Not unless the stat sheet also includes drawing charges, diving for loose balls and careening head-first toward the sideline to save a loose ball.
Meet the Badgers’ “glue guy.”
The senior is someone who “helps us win basketball games, makes plays that a lot of people don’t necessarily see that really change the course of the game,” teammate Frank Kaminsky said.
For all the attention deservedly heaped on Kaminsky, Gasser has had just as much of an impact during Badgers’ two-year run of Final Four appearances.
The other national semifinalists have those guys too. Often, it’s someone like Gasser who doesn’t need the attention lavished on a star like Kaminsky.
The definition of a glue guy could change depending on the makeup of a team. On short-handed Duke, there’s more than one of those guys.
Sometimes, it’s someone who is more of an experienced scorer. On other teams, a glue guy could be a freshman.
The common quality is that they do a lot of the little things besides score, whether on or off the floor.
A look at Gasser and other glue guys to watch in the Final Four on Saturday:
WISCONSIN: Gasser averages 6.9 points a game, though he is also 40 percent shooter from 3-point range.
But he’s most valued as Wisconsin’s best on-ball defender, typically drawing the assignment of trying to shut down a team’s best scorer.
Gasser slides into the glue guy role effortlessly, even though the high school scorer had to adjust once he arrived in Madison. The goal was to do “anything I could to get on the court,” Gasser said.
“The reason I came to Wisconsin was so that I could win games, win championships and compete in championships,” Gasser said. “This year, we’ve definitely done that, and I think the wins speak for themselves, and I think that’s the proudest thing I have from my career.”
KENTUCKY: There are so many players to choose from coach John Calipari’s platoon. The coach himself loves the versatility of Trey Lyles, a 6-foot-10 freshman.
He doesn’t have Gasser’s savvy or leadership qualities. But he does present some other problems for teams.
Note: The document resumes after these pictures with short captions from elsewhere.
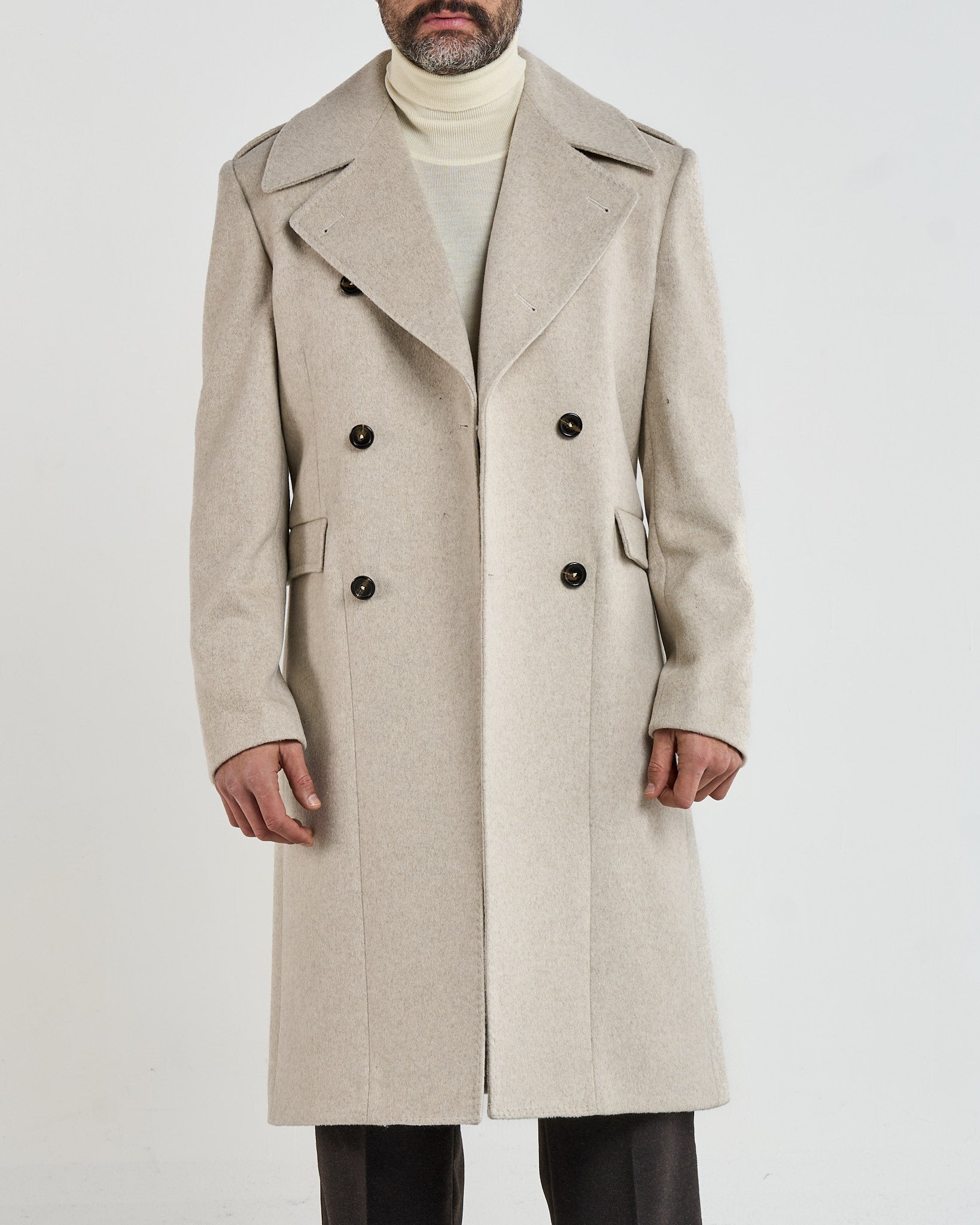 Cappotto Military Doppiopetto con Rever a Lancia Pietra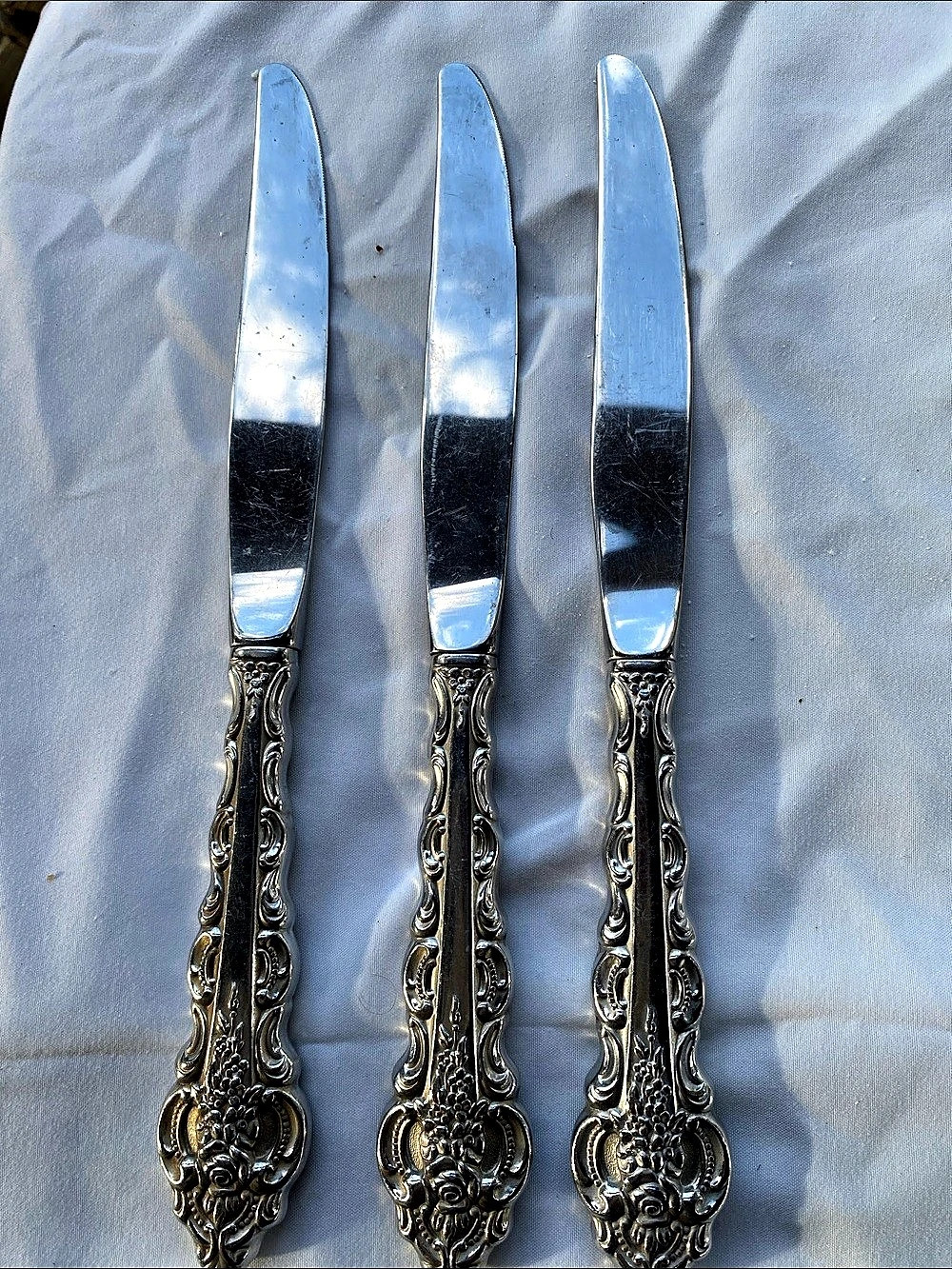 Ornate Silver Dinner Knives Set of 3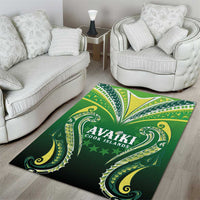 Rugby Cook Islands Avaiki Area Rug Green Kuki Airani Tribal Maori Inspired LT9 - Polynesian Pride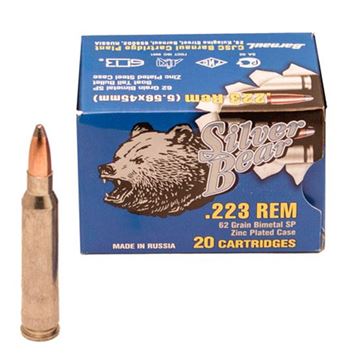 Ammo, Silver Bear, A223RSPN, .223 REM, 62 gr., SP, 20rd per box, 500rd per case, 25 boxes per case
“Trey professionally will be a (power forward), a stretch four. He’s playing (small forward) for us. He’s playing like a small forward guard,” Calipari said. “He’s the one guy that is hard to guard, can make rebounds, plays hard, plays big.”
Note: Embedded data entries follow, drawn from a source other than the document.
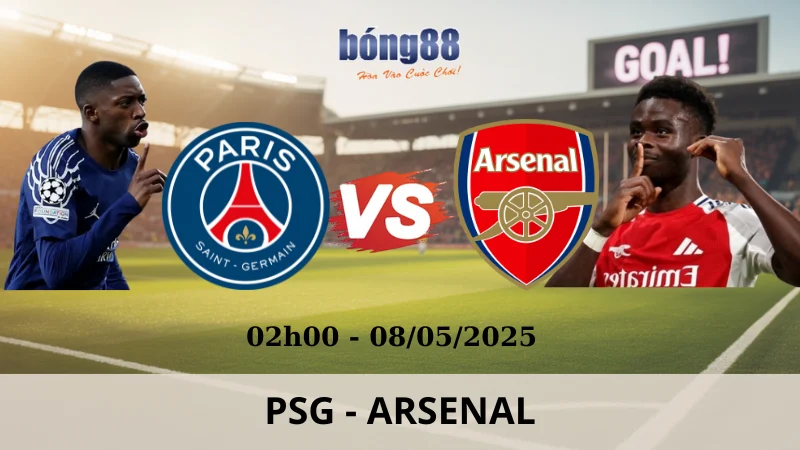 Soi Kèo Nhà Cái Champions League - PSG vs Arsenal 08/05/2025 Soi Kèo Nhà Cái Champions League - PSG vs Arsenal 08/05/2025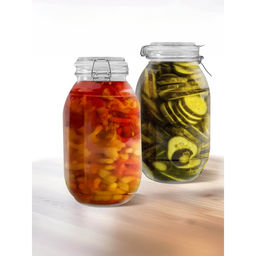 The Better Home - Glass Storage Transparent Jar, 3L, (Pack Of 2)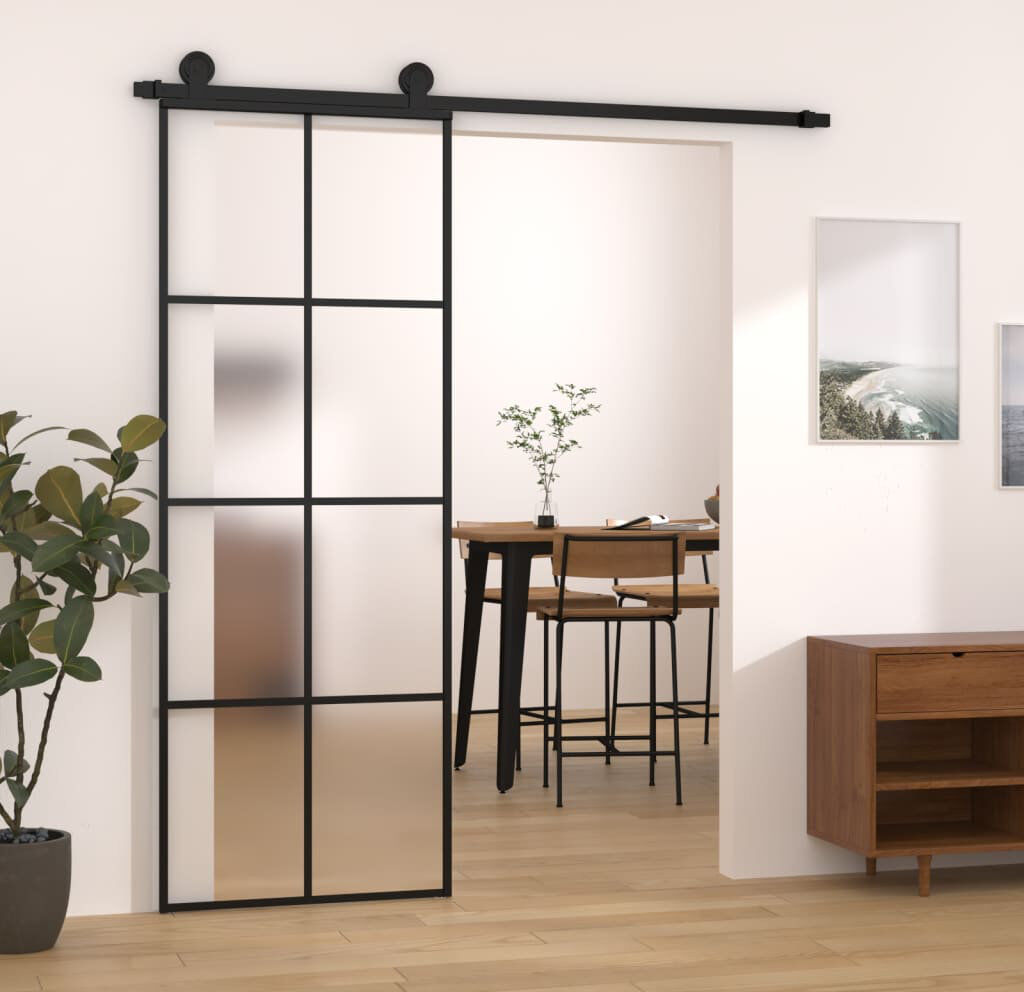 August Grove Shackleford Glass Sliding Door Black 205cm H x 76cm W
DUKE: Everyone needs to contribute with just eight scholarship players on the roster. For assistant coach Jon Scheyer, the Blue Devils’ glue guy is Matt Jones.
“One day it might be hitting a shot. One day it might an offensive rebound, loose balls — all those things. Matt is going to do whatever it takes to win,” Scheyer said.
Jones is more of a natural for the role, the assistant said. He has started the last 11 games.
A game later, Duke moved junior forward Amile Jefferson to the bench.
One glue guy replaced another.
Scheyer said that Jefferson has had to adjust to learning how to play next to two freshman phenoms: Jabari Parker last season, and Jahlil Okafor this season.
“It can be anybody, but just someone who brings something to the team that needs a spark, energy, enthusiasm,” Jefferson said.
MICHIGAN STATE: Denzel Valentine can stuff the stat sheet, averaging 14.3 points, 6.2 rebounds and 4.4 assists.
“He can hurt you making a pass. He can hurt you knocking down a 3. He can hurt you with his defense,” Spartans assistant coach Dwayne Stephens said.
But he does just as much off the court. If there is a big game or prize fight on TV over a weekend, the Spartans will gather at Valentine’s place. If accountability is necessary in the locker room, Valentine will speak up.
“Off the floor, he’s the kind of guy that kind of brings everybody together,” Stephens said.